Sobreveio o acórdão após 18/12/2020 (julgamento das ADCs 58 e 59), de modo que, oportunamente, a reclamada opôs embargos de declaração requerendo a aplicação dos efeitos de modulação – já que a hipótese se enquadra no item III da modulação – e, de forma sucessiva, requereu o prequestionamento da matéria.

Os Regionais, especialmente o Sodalício da 15ª Região, vêm rejeitando os embargos declaratórios ao argumento de a matéria sequer foi ventilada nas razões recursais (do recurso ordinário) e que a via não é adequada, daí por que necessária a interposição de Recurso de Revista.

Ao exame da revista, na grande maioria dos casos, os Tribunais Regionais têm denegado seguimento ao recurso sob o fundamento da ausência de prequestionamento e preclusão da matéria nos moldes da súmula 297 do C. TST. Novamente surge a necessidade de interposição de agravo de instrumento ao qual invariavelmente o C. Tribunal Superior nega seguimento.

Como se vê, na prática a modulação proferida pelo STF não está sendo aplicada aos processos em fase recursal pelos regionais e o próprio TST, através de obstáculos processuais, em total dissonância com os princípios da celeridade e economia processual, ceifa a possibilidade de ordenamento das decisões segundo os parâmetros modulados pela Corte Suprema.

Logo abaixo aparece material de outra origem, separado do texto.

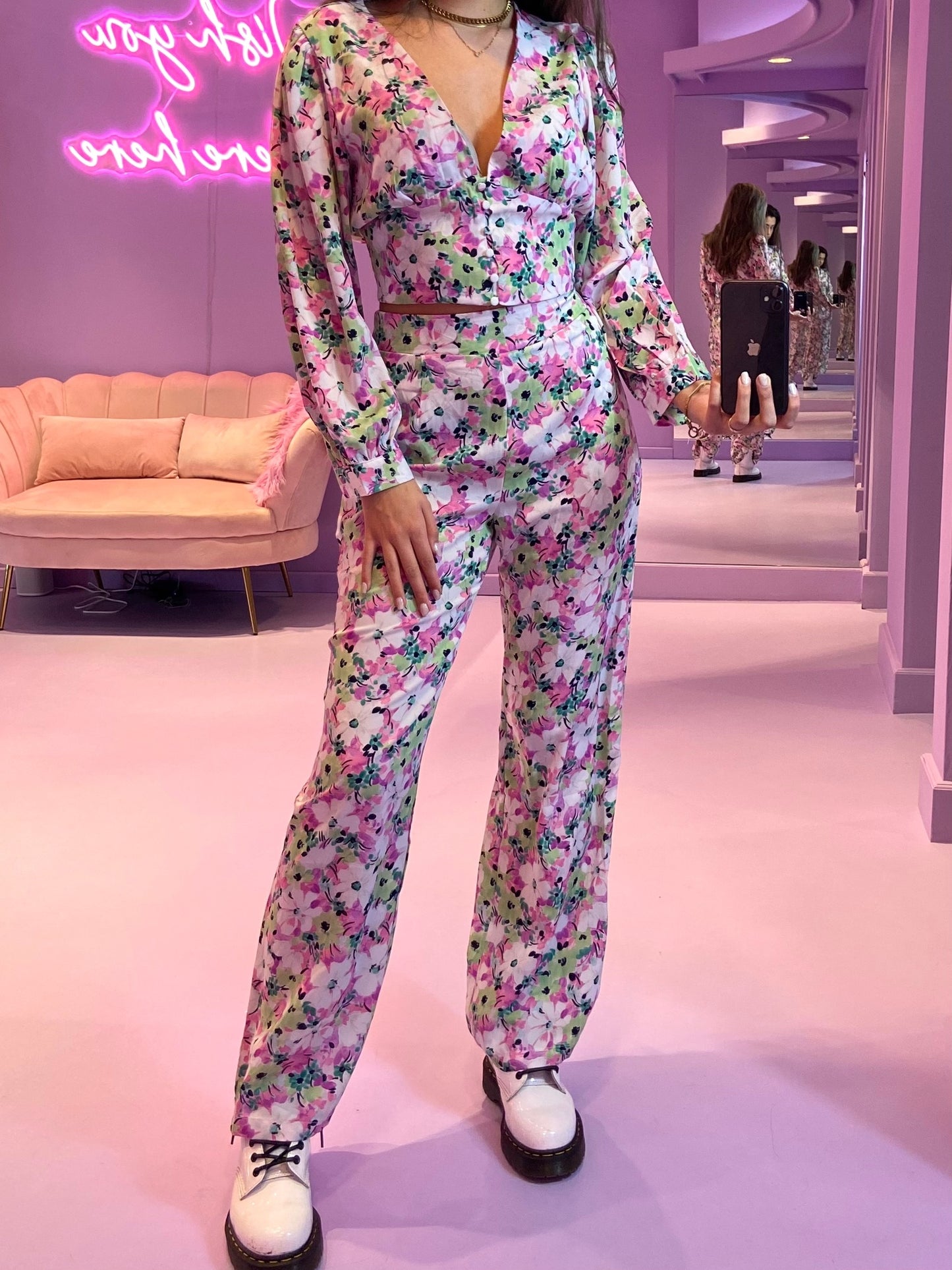 Belle Rose Trousers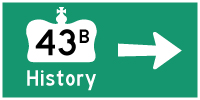 HYPERLINK TO HWY 43B CHESTERVILLE PAGE - © Cameron Bevers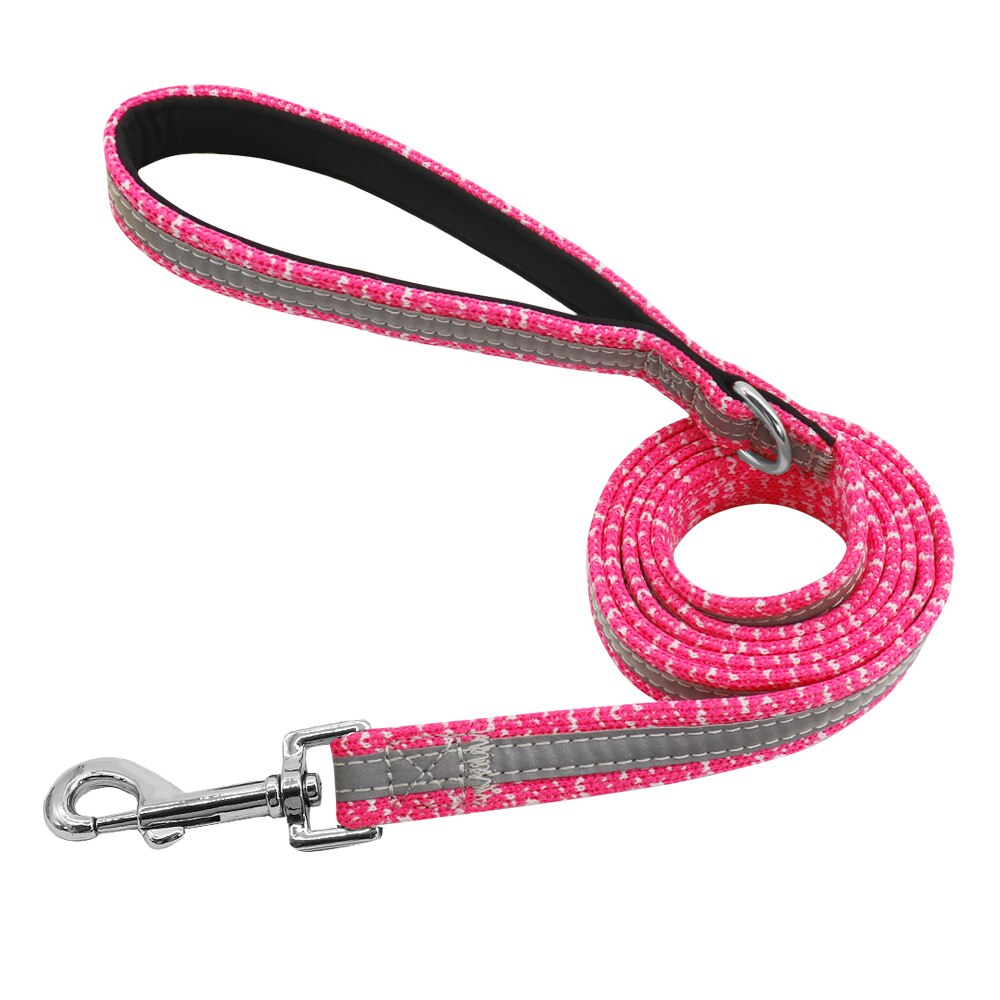 3M Dog Tie Out Check Cord, zware reflecterende nylon touw honden trainingslijnen met zachte handgreep, zeer geschikt voor grote, kleine, middelgrote en puppy honden zwart 3M Dog Tie Out Check Cord, zware reflecterende nylon touw honden trainingslijnen met zachte handgreep, zeer geschikt voor grote, kleine, middelgrote en puppy honden zwart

Onde está a segurança jurídica?

Ora, se a controvérsia acerca de questão jurídica já foi pacificada por tese firmada pelo Supremo Tribunal Federal em ação de controle de constitucionalidade, cabe a todas as instâncias do Poder Judiciário aplicá-la aos casos concretos, mormente diante do disposto no parágrafo 2° do art. 102 da CF, no sentido de que "as decisões definitivas de mérito, proferidas pelo Supremo Tribunal Federal, nas ações diretas de inconstitucionalidade e nas ações declaratórias de constitucionalidade produzirão eficácia contra todos e efeito vinculante, relativamente aos demais órgãos do Poder Judiciário e à administração pública direta e indireta, nas esferas federal, estadual e municipal".

Daí a necessidade de interposição de reclamação ao Supremo Tribunal Federal, nos termos dos arts. 102, I, l, e 103-A, § 3º, ambos da Constituição Federal, com o objetivo de cassar a decisão reclamada e determinar que a autoridade reclamada observe os parâmetros fixados na ADC 58, ADC 59, ADI 6021 e ADI 5867  

À vista da soberana decisão do Supremo Tribunal Federal nos autos das ADCs 58 e 59, com efeito vinculante e eficácia erga omnes, espera-se que sejam prontamente aplicados pelos tribunais regionais, inclusive o TST, o comando cogente edificado, evitando-se, assim, o abarrotamento de reclamações no STF, já que é o único meio processual cabível contra decisão que recusa a aplicação dos efeitos de modulação proferido pelo Supremo.